=== Begin Enclosure ===

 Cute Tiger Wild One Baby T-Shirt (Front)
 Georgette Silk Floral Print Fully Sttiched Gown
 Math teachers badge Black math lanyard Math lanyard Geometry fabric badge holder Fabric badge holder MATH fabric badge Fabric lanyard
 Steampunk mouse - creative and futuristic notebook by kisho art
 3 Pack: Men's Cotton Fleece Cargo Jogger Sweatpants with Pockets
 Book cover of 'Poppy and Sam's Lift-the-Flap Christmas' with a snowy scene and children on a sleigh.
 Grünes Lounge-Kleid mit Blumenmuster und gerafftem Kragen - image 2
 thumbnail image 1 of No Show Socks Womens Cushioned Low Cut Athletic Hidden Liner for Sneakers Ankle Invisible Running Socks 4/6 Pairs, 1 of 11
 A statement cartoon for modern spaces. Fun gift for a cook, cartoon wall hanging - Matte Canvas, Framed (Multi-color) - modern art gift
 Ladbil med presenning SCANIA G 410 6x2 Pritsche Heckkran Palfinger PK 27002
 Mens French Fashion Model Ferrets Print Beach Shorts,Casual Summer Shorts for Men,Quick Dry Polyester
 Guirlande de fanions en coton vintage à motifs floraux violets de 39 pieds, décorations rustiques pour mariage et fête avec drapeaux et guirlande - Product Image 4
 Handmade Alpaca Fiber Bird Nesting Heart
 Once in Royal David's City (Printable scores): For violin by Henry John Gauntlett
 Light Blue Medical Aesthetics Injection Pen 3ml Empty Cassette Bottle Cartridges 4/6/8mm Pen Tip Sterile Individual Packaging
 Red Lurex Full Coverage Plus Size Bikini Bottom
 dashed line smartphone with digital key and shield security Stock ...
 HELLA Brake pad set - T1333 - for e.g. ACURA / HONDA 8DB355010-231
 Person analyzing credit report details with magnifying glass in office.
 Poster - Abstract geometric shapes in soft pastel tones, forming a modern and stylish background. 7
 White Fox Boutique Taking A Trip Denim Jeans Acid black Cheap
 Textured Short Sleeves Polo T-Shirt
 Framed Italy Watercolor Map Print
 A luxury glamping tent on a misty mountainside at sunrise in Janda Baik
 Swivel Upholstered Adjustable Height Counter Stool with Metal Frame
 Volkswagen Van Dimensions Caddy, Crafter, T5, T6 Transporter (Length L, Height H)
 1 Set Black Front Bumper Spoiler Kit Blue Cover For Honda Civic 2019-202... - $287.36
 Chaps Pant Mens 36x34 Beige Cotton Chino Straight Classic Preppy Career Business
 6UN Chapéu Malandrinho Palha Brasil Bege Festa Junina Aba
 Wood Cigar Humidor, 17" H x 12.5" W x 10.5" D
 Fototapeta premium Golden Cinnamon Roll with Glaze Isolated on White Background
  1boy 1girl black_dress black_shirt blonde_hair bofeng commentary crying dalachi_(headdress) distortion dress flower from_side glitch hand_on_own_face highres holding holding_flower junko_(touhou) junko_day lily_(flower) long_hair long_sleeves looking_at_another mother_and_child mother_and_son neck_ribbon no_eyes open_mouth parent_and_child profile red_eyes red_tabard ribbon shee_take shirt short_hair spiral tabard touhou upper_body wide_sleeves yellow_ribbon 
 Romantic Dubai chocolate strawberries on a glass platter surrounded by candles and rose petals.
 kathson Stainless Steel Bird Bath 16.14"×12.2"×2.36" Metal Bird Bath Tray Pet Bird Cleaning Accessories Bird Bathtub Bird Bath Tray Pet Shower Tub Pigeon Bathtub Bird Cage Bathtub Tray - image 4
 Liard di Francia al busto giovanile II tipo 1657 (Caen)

=== End Enclosure ===

Once more, write out the records above, exactly as they stand.

- Answer space
 Cute Tiger Wild One Baby T-Shirt (Front)
 Georgette Silk Floral Print Fully Sttiched Gown
 Math teachers badge Black math lanyard Math lanyard Geometry fabric badge holder Fabric badge holder MATH fabric badge Fabric lanyard
 Steampunk mouse - creative and futuristic notebook by kisho art
 3 Pack: Men's Cotton Fleece Cargo Jogger Sweatpants with Pockets
 Book cover of 'Poppy and Sam's Lift-the-Flap Christmas' with a snowy scene and children on a sleigh.
 Grünes Lounge-Kleid mit Blumenmuster und gerafftem Kragen - image 2
 thumbnail image 1 of No Show Socks Womens Cushioned Low Cut Athletic Hidden Liner for Sneakers Ankle Invisible Running Socks 4/6 Pairs, 1 of 11
 A statement cartoon for modern spaces. Fun gift for a cook, cartoon wall hanging - Matte Canvas, Framed (Multi-color) - modern art gift
 Ladbil med presenning SCANIA G 410 6x2 Pritsche Heckkran Palfinger PK 27002
 Mens French Fashion Model Ferrets Print Beach Shorts,Casual Summer Shorts for Men,Quick Dry Polyester
 Guirlande de fanions en coton vintage à motifs floraux violets de 39 pieds, décorations rustiques pour mariage et fête avec drapeaux et guirlande - Product Image 4
 Handmade Alpaca Fiber Bird Nesting Heart
 Once in Royal David's City (Printable scores): For violin by Henry John Gauntlett
 Light Blue Medical Aesthetics Injection Pen 3ml Empty Cassette Bottle Cartridges 4/6/8mm Pen Tip Sterile Individual Packaging
 Red Lurex Full Coverage Plus Size Bikini Bottom
 dashed line smartphone with digital key and shield security Stock ...
 HELLA Brake pad set - T1333 - for e.g. ACURA / HONDA 8DB355010-231
 Person analyzing credit report details with magnifying glass in office.
 Poster - Abstract geometric shapes in soft pastel tones, forming a modern and stylish background. 7
 White Fox Boutique Taking A Trip Denim Jeans Acid black Cheap
 Textured Short Sleeves Polo T-Shirt
 Framed Italy Watercolor Map Print
 A luxury glamping tent on a misty mountainside at sunrise in Janda Baik
 Swivel Upholstered Adjustable Height Counter Stool with Metal Frame
 Volkswagen Van Dimensions Caddy, Crafter, T5, T6 Transporter (Length L, Height H)
 1 Set Black Front Bumper Spoiler Kit Blue Cover For Honda Civic 2019-202... - $287.36
 Chaps Pant Mens 36x34 Beige Cotton Chino Straight Classic Preppy Career Business
 6UN Chapéu Malandrinho Palha Brasil Bege Festa Junina Aba
 Wood Cigar Humidor, 17" H x 12.5" W x 10.5" D
 Fototapeta premium Golden Cinnamon Roll with Glaze Isolated on White Background
  1boy 1girl black_dress black_shirt blonde_hair bofeng commentary crying dalachi_(headdress) distortion dress flower from_side glitch hand_on_own_face highres holding holding_flower junko_(touhou) junko_day lily_(flower) long_hair long_sleeves looking_at_another mother_and_child mother_and_son neck_ribbon no_eyes open_mouth parent_and_child profile red_eyes red_tabard ribbon shee_take shirt short_hair spiral tabard touhou upper_body wide_sleeves yellow_ribbon 
 Romantic Dubai chocolate strawberries on a glass platter surrounded by candles and rose petals.
 kathson Stainless Steel Bird Bath 16.14"×12.2"×2.36" Metal Bird Bath Tray Pet Bird Cleaning Accessories Bird Bathtub Bird Bath Tray Pet Shower Tub Pigeon Bathtub Bird Cage Bathtub Tray - image 4
 Liard di Francia al busto giovanile II tipo 1657 (Caen)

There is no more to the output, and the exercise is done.